At the same time West Point enacted tenure, administrators kneecapped the humanities by shuttling them out of Lincoln Hall and into a funky multi-story tent structure. It had classrooms, heat and air-conditioning. According to Parsons, there was “supposed to be plumbing, but they never got the sewer attached.” Amid their two-year deployment in this tent, humanities faculty were further notified, without any real rationale, that their department was to be broken up. English would move into the foreign languages department, while philosophy would be attached to law. Meanwhile, not far from the tent, work commenced on West Point’s $138 million, 136,000-square feet Cyber and Engineering Academic Center.

This series of unfortunate events is comical enough to be confused for a hazing ritual. In truth, civilian professors have long been the subjects of military initiation rites, both formal trainings and off-the-books pranks. In 2013, a West Point economics professor wrote in the Times that, on her first day, someone apparently replaced her chalkboard eraser with an M16 magazine. To preempt those perceptions and rites, many civilian faculty embrace receiving bits of military training alongside their academic work, with some invited on Naval ships, sent to warzones and trained in weaponry. Parsons, for his part, once participated in a videogame warfare simulator with his civilian peers.

Bakken, the law professor, claims to have been aggressively targeted by the brass. The incident occurred in December 2018, at a moment when Bakken was becoming an increasingly vocal critic of West Point orthodoxy. According to his 2020 book The Cost of Loyalty: Dishonesty, Hubris, and Failure in the U.S. Military, a military police officer at Thayer Gate scanned Bakken’s employee I.D., then declared him the subject of a “random” search.

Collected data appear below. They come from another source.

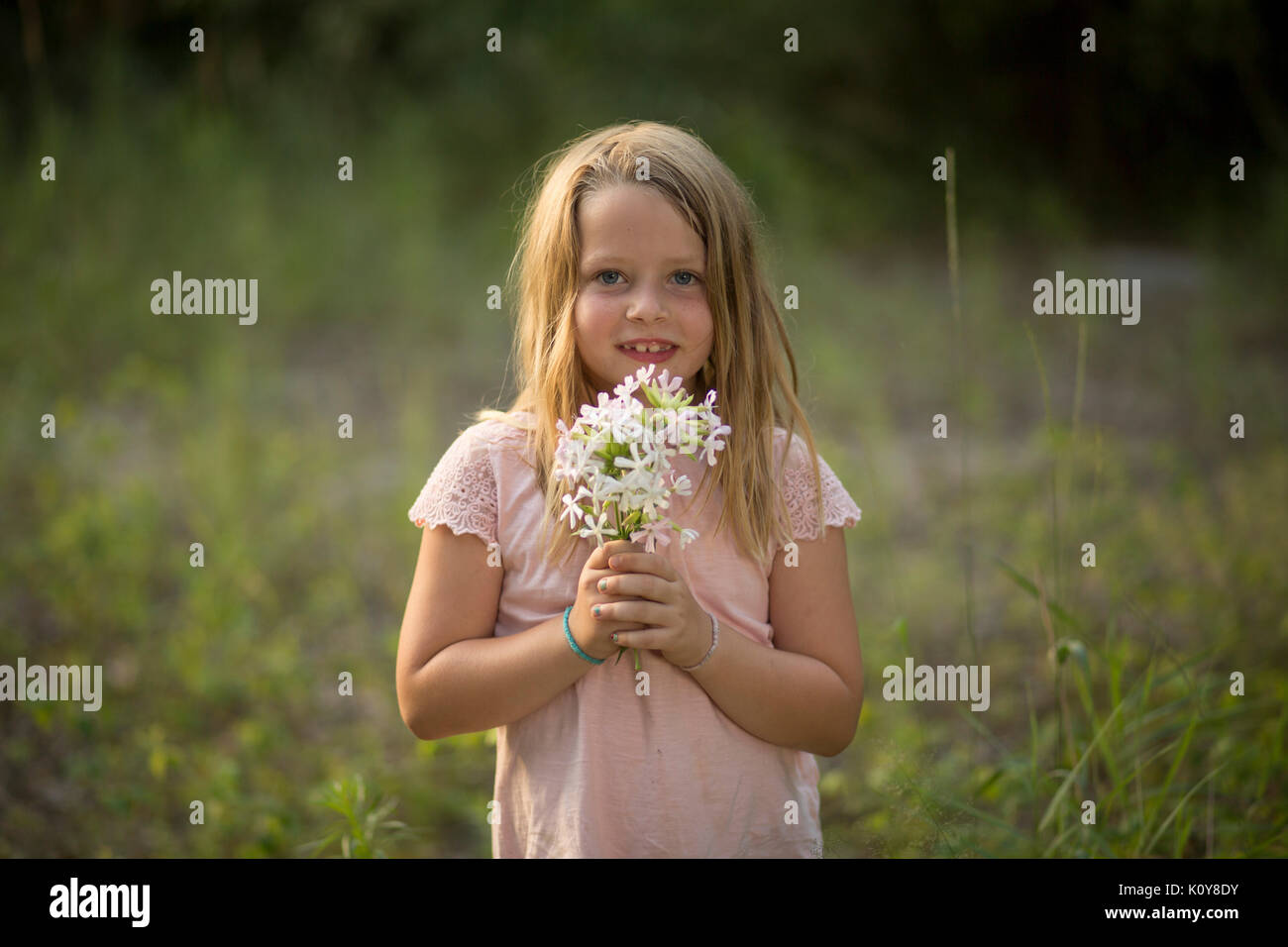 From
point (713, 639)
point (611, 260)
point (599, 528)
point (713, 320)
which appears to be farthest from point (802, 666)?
point (611, 260)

Bakken, formerly a fellow at Columbia and Cambridge law schools, questioned the legal rationale behind the move, and requested to speak with a supervisor, at which point, he writes, the officer cussed him out and directed him to the search zone. There, he ordered Bakken to spread his legs and put his hands against the car, then searched him aggressively. While Bakken complied with the search, he writes in his book that the officer later claimed he’d refused it, then said, “you can’t work at West Point anymore.” Bakken’s job was ultimately safe. He still teaches law today, but declined to comment for this story, citing West Point’s new speech restrictions.

Ruth Ben-Ghiat, a leading scholar on fascism, believes that the Pentagon’s fixation on the service academies is part and parcel of a boarder effort to shore up military loyalty, a campaign, she argued, that is, “at its root, a pedagogical project.”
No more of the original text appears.